While a proposed kernel captures a single aspect of feature displacement, a set of the proposed kernels produce a dense feature representation of feature displacement for each source feature. We use 128 OAC kernels resulting in a feature displacement map \(\varvec{h} \in \mathbbm {R}^{128\times 15\times 15}\) encoding the displacement of each source feature. We set ReLU as the activation functions of the kernel outputs, and compute normalized correlations in OAC kernels since normalization further improves the scores as observed in [13].

In practice, the proposed OAC kernels are implemented by two sub-procedures. We first compute the normalized correlation map reordered based on the offsets between the locations of the source and target features. In this reordered correlation map, every correlation with the same relative displacement is arranged in the same channel. This reordering results in \((2H-1)(2W-1)\) possible offsets and thus the size of the output tensor becomes \((2H-1)(2W-1) \times H \times W\) where many of the values are zeros due to non-existing pairs for some offsets. Then, we use a \(1\times 1\) convolutional layer to compute the dense feature representation from the raw displacement information captured in the reordered correlation map. Note that this process significantly reduces the number of channels by compactly encoding various aspects of the local displacements into dense representations.
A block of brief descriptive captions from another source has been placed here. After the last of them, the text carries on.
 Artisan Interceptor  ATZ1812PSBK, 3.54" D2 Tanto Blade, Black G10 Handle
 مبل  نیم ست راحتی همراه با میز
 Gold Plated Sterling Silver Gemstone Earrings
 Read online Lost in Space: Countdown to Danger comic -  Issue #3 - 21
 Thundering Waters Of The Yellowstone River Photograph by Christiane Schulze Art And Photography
Encoding Local Transformation Features. Since the feature displacement map conveys the movement of each source feature independently, each feature alone is not sufficient to predict the global transformation parameters. To allow the network predicts the global transformation from local features in the attention process, we construct a local transformation feature map by combining spatially adjacent feature displacement information captured by \(\varvec{h}\). That is, the proposed network feeds the feature displacement map \(\varvec{h}\) to a \(7\times 7\) convolution layer with 128 output channels applied without padding. This convolution layer results in a local transformation feature map \(\mathcal {F}\in \mathbbm {R}^{128\times 9\times 9}\). Note that each feature \(t_{i,j} \in \mathcal {F}\) captures transformations occurred in a local region. We utilize this local transformation feature map to predict the global transformation through an attention process.

Fig. 4.
figure 4

Illustration of attention process. Noisy features in local transformation feature map are filtered by assigning lower probabilities to these locations. Arrows in boxes of local transformation feature map demonstrate features encoding local transformations, and grayscale colors in attention distribution represent magnitudes of probabilities where brighter colors mean higher probabilities.
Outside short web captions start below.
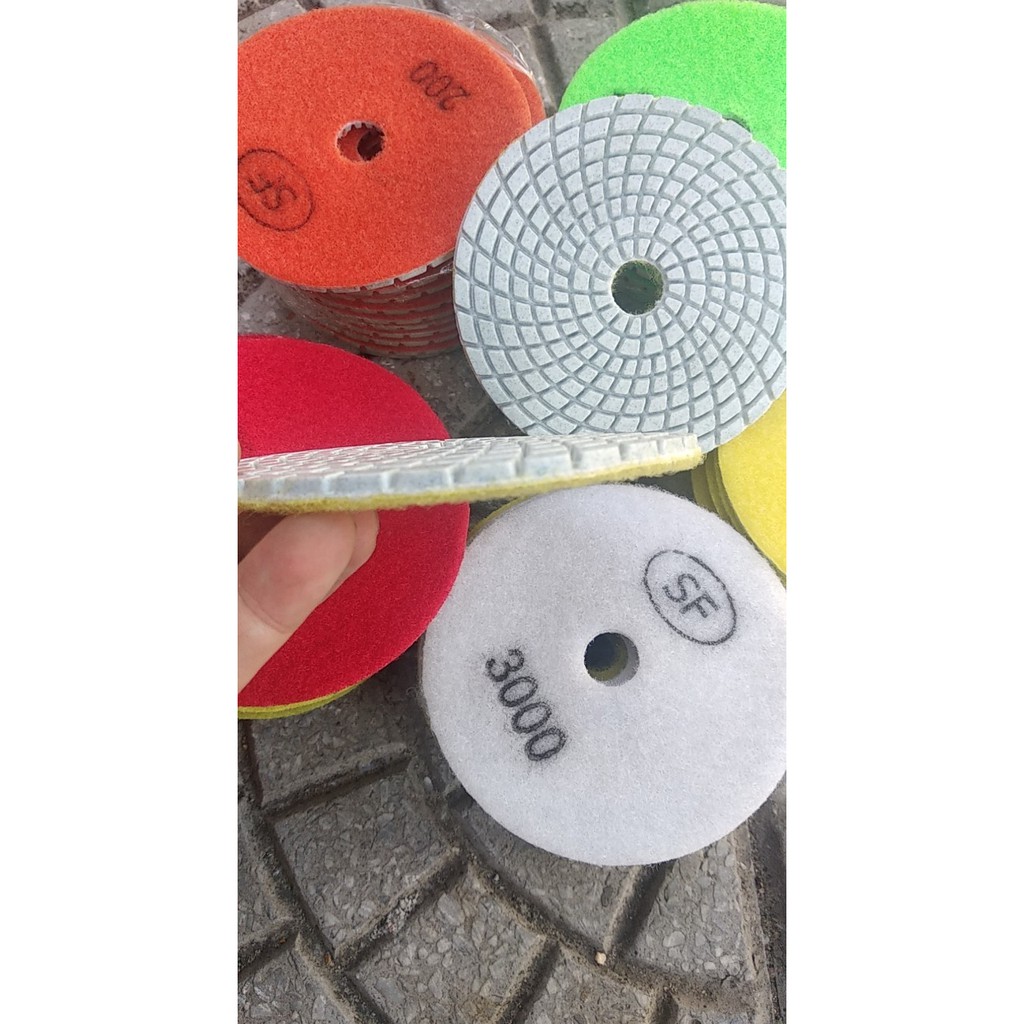 Đĩa mài đánh bóng sàn, phíp mài bóng, lá số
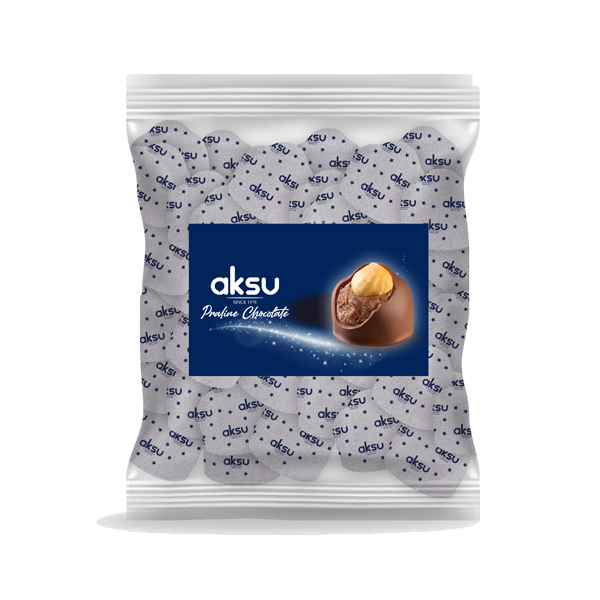 Aksu Silver Compound Chocolate Square Shape - 1000gm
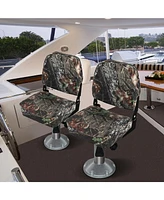 2-Piece Folding Boat Seat Set with Sponge Padding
3.3 Attentive Global Transformation Estimator

After local transformation encoding, a set of global transformation parameters is estimated with an attention process. Given a local transformation feature map \(\mathcal {F}\in \mathbbm {R}^{\hat{D}\times \hat{H}\times \hat{W}}\) extracted by OAC kernels with a convolution layer, the network focuses on reliable local transformation features by filtering out distracting regions as depicted in Fig. 4 to predict the parameters from the aggregation of those features. Although a feature map \(\mathcal {F}\) gives sufficient information to predict the global transformation from source to target, local transformation features extracted from a real image pair is noisy due to image variations such as background clutter and intra-class variations. Therefore, we propose a model that suppresses unreliable features by the attention process and extracts an attended feature vector that summarizes local transformations from all reliable locations to estimate an accurate global transformation. In other words, the model computes an attended transformation feature \(\tau ^\mathrm {att}\) by

$$\begin{aligned} \tau ^\mathrm {att} = \sum _{i=1}^{\hat{H}}{\sum _{j=1}^{\hat{W}}{\alpha _{i,j}G(t_{i, j})}}, \end{aligned}$$
(4)

where \(G:\mathbbm {R}^{\hat{D}}\rightarrow \mathbbm {R}^{D'}\) is a projection function of \(t_{i,j}\) into a \(D'\) dimensional vector space and \(\varvec{\alpha } = \{\alpha _{i,j}\}\) is an attention probability distribution over feature map. The model computes the attention probabilities by

$$\begin{aligned} \alpha _{i,j} = \frac{\exp \left( {S(t_{i,j})}\right) }{\sum _{k=1}^{\hat{H}}{\sum _{l=1}^{\hat{W}}{\exp \left( {S(t_{k,l})}\right) }}}, \end{aligned}$$
(5)

where \(S:\mathbbm {R}^{\hat{D}}\rightarrow \mathbbm {R}\) is an attention score function producing a single scalar given a local transformation feature. Note that the model learns to suppress noisy features by assigning low attention scores and reducing their contribution to the attended feature.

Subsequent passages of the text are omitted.